Preventative Care in Healthcare

What Is Preventive Care and Why Most Patients Skip It

Posted 17 May 2026 · Updated 17 May 2026 · 10 min read

What Is Preventive Care and Why Most Patients Skip It

Preventive care is medical care designed to detect or prevent illness before symptoms appear, and most qualifying health plans cover a defined set of preventive services at no cost to the patient. Here is what preventive care actually includes and why most people skip it anyway.

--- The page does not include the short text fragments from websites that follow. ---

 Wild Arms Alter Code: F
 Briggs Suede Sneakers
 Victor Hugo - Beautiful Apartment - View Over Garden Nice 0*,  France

Preventive care includes screenings, vaccines, checkups, and health counseling designed to help patients stay healthy and catch problems early, according to the Centers for Medicare and Medicaid Services (CMS). Most qualifying health plans in the United States are required to cover these services at no cost to the patient, according to HealthCare.gov, yet screening rates for blood pressure, cholesterol, blood glucose, and several common cancers were lower in 2021 than in 2019, according to a study published in PMC.

Article Summary
Key Takeaways
01
Preventive care includes screenings, vaccines, annual checkups, and health counseling designed to detect or prevent illness before symptoms develop, and CMS confirms these services are a core component of modern healthcare coverage.
Definition
02
Most qualifying health plans are required to cover a defined set of preventive services at no cost to the patient under current US law, according to HealthCare.gov, removing the financial barrier most patients cite for skipping care.
Coverage
03
Screening rates for blood pressure, cholesterol, blood glucose, and common cancers dropped between 2019 and 2021, according to a PMC study, revealing a measurable and ongoing gap in preventive care utilization.
Utilization Gap
04
Preventive care operates across three levels, primary, secondary, and tertiary, each targeting a different stage in the relationship between a patient and a potential health problem.
Care Levels
05
The most common reasons patients skip preventive care are perceived cost, time constraints, and the absence of symptoms, all of which create risk that compounds quietly until a condition is detected at a more serious stage.
Barriers

What Is Preventive Care?

Preventive care is medical care focused on maintaining health and preventing illness rather than treating it after it develops. According to CMS, preventive care services include screenings, checkups, vaccines, and patient counseling designed to prevent illness, disease, or other health problems before they begin.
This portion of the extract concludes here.